Describe your platform and what sets it apart from your opposition in a few sentences.
My [platform] basically consists of five points. The first is making a common syllabi policy, which would regulate policies across all faculties. The second point is improving the academic calendar. I will be initiating changes in a fall reading break and later withdrawal deadlines. The third point is that I want to revamp the mental health ad-hoc committee on Senate. I want to look at the framework and see that the big issue is accountability or whether it’s that the framework wasn’t drafted in the best way to suit Senate, making sure it suits the purpose that it serves. The fourth point is enhanced learning records. This concept started with the idea of co-curricular transcripts and was then adapted to learning enhanced records. The next step is to consult different stakeholders across campus, figure out what this is going to look like and how this is going to happen. My last piece is the task force that was struck after the 2015 Sauder rape chants [and] came up with a bunch of recommendations to the president of the UBC. UBC responded with a list of recommendations that they had decided to take on and these recommendations affected different groups across campus including Senate. Senate has not completed these recommendations that had been brought forward. I plan to look at which ones were not completed, review the process and assign them to the appropriate Senate committees.

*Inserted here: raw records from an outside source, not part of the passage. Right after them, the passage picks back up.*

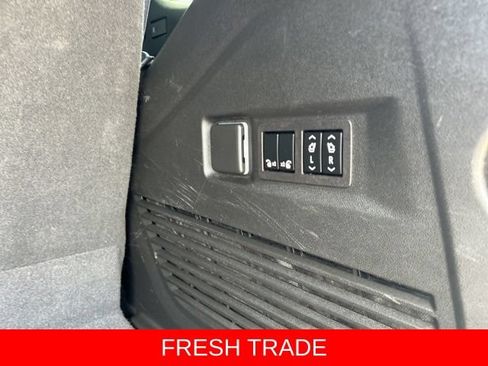 Used 2023 GMC Yukon Denali Ultimate AWD/4WD image 11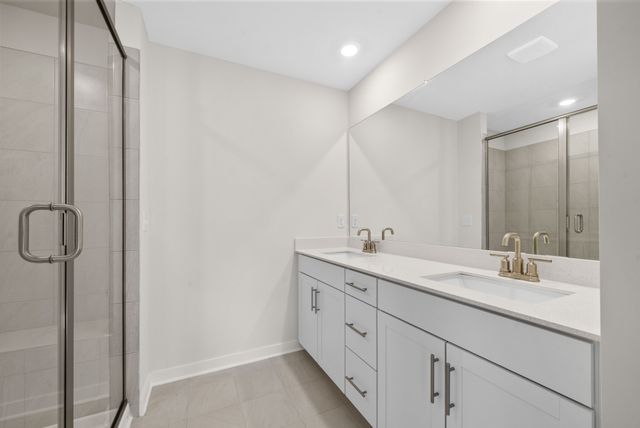 887 Bur Oak Ct, Clarksville, TN 37043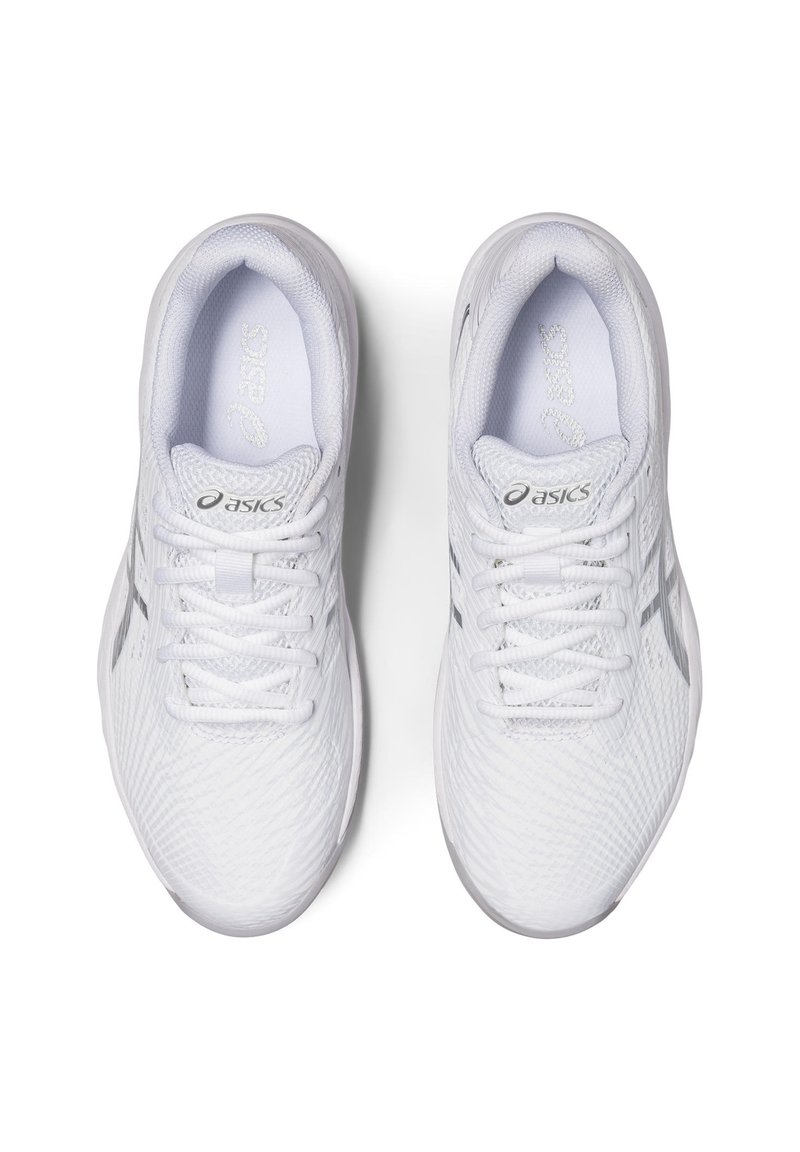 Zapatillas deportivas blancas con parte superior de malla texturizada, cordones planos y detalles en plata que presentan el logo de la marca en la lengua y el lateral.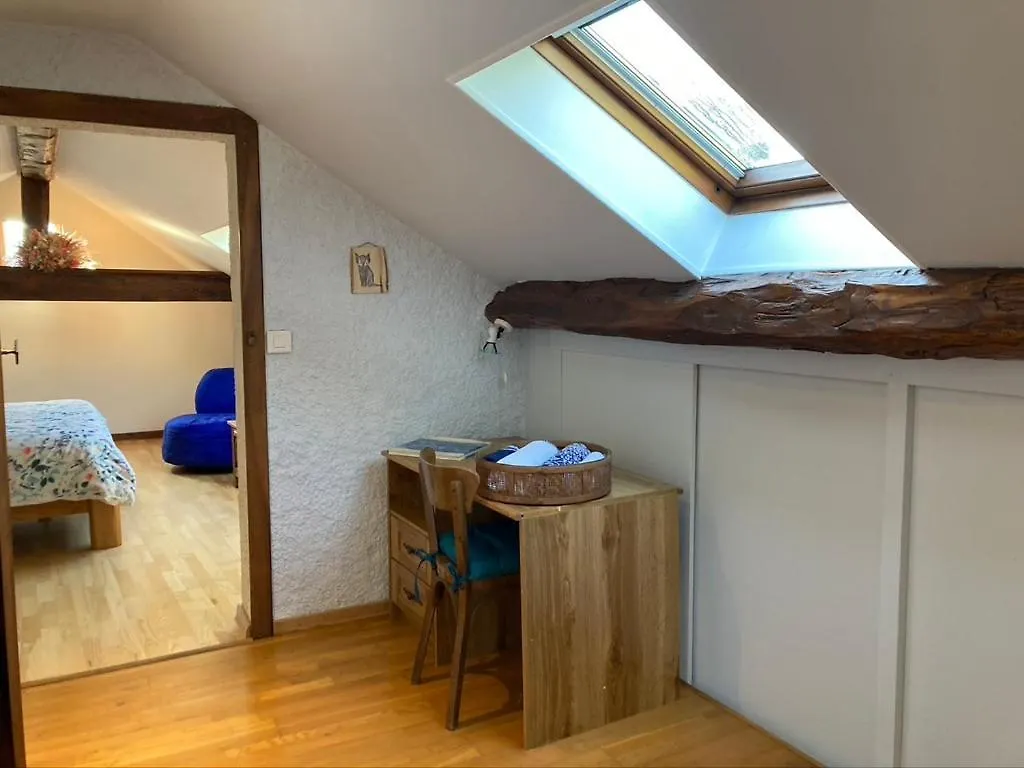 Bed and Breakfast Sous Le Bon Toit Belley 0*,  Francja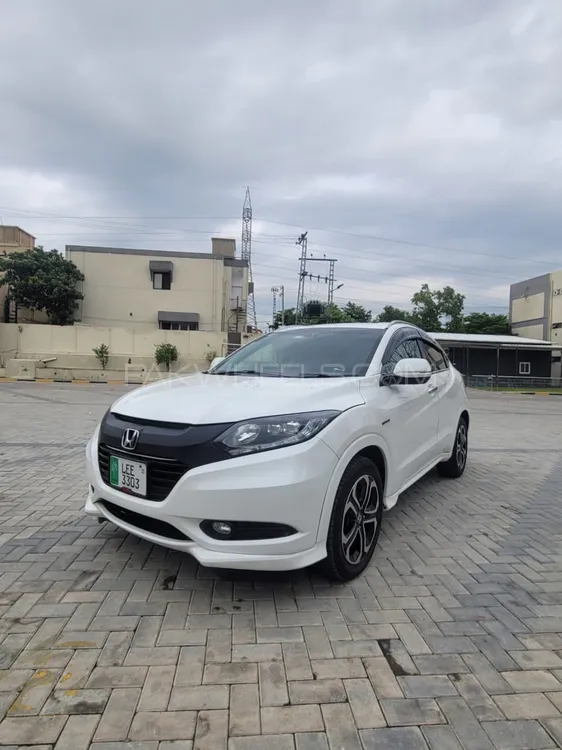 Honda Vezel 2015 for Sale in Rawalpindi Image-1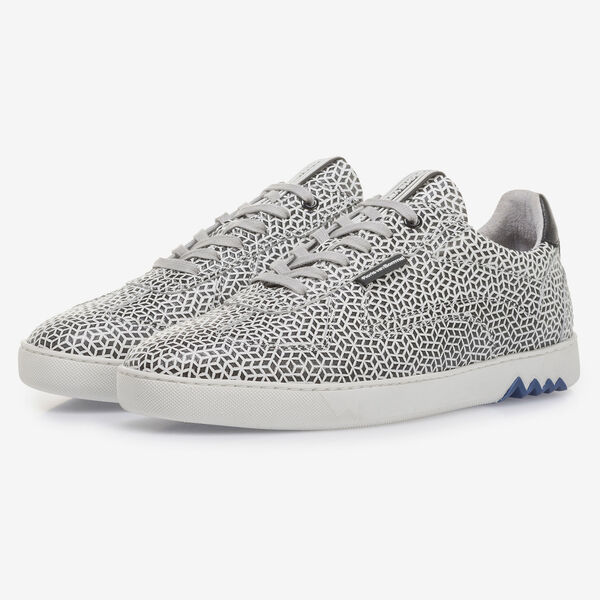 White calf leather sneaker with black print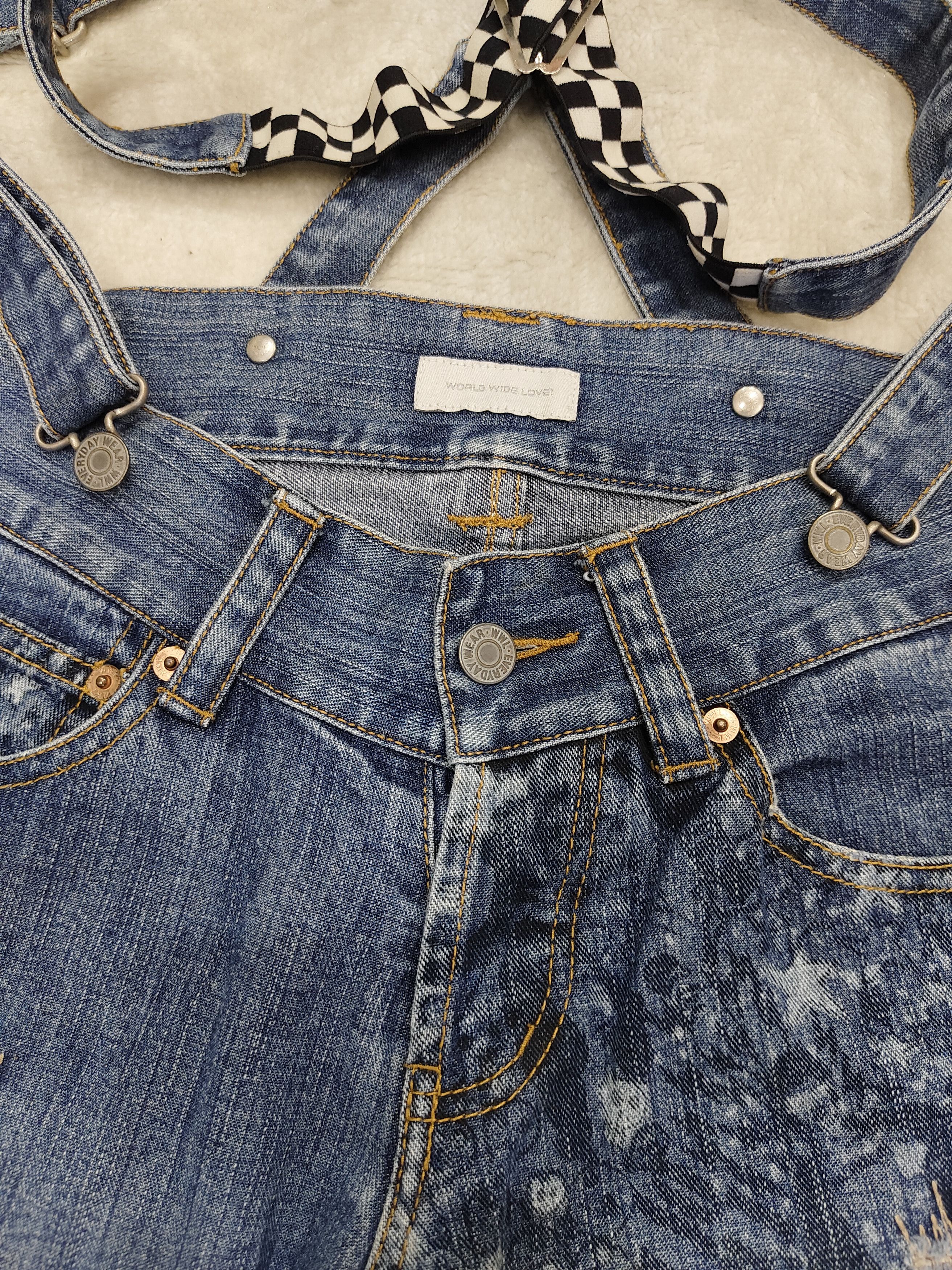 Japanese Brand SICK🇯🇵World Wide Love Art Graphic Distressed Jeans Size 28" / US 6 / IT 42 - 6 Thumbnail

How have you been involved with the AMS before, and how will this help you?
I’ve been working under the VP Academic’s office as the mental health commissioner over the last two years, so I’ve gotten to work with two different VP Academics. Through this position, I’ve done a lot in terms of research and advocacy. The bulk of my work collaborated with a Senate committee, usually a renovation to a policy or a new innovative policy.
What are the challenges facing this position in the upcoming year?
Being the last year in the triennium means that there’s a lot of projects people are expecting to get finalized. I think it’ll be a challenge in deciding which projects do need to be completed and which ones maybe need to be scrapped because, as the last year, we’re going to need to focus our efforts and finish whatever we decide to finish.
Who is the most important body or person you need to collaborate with in this position, and how will you foster a relationship with them?
I would say the Dean of Science Paul Harrison because he has chaired the mental health ad hoc committee before and he currently chairs the academic policy Senate committee and these are both committees that I plan to be very involved with. My platform is based a lot around this academic calendar review.
What three committees would you like to sit on as a senator, and why?
I will be sitting on the mental health committee, the flexible learning committee and the academic policy committee.
Interview has been edited and condensed for clarity.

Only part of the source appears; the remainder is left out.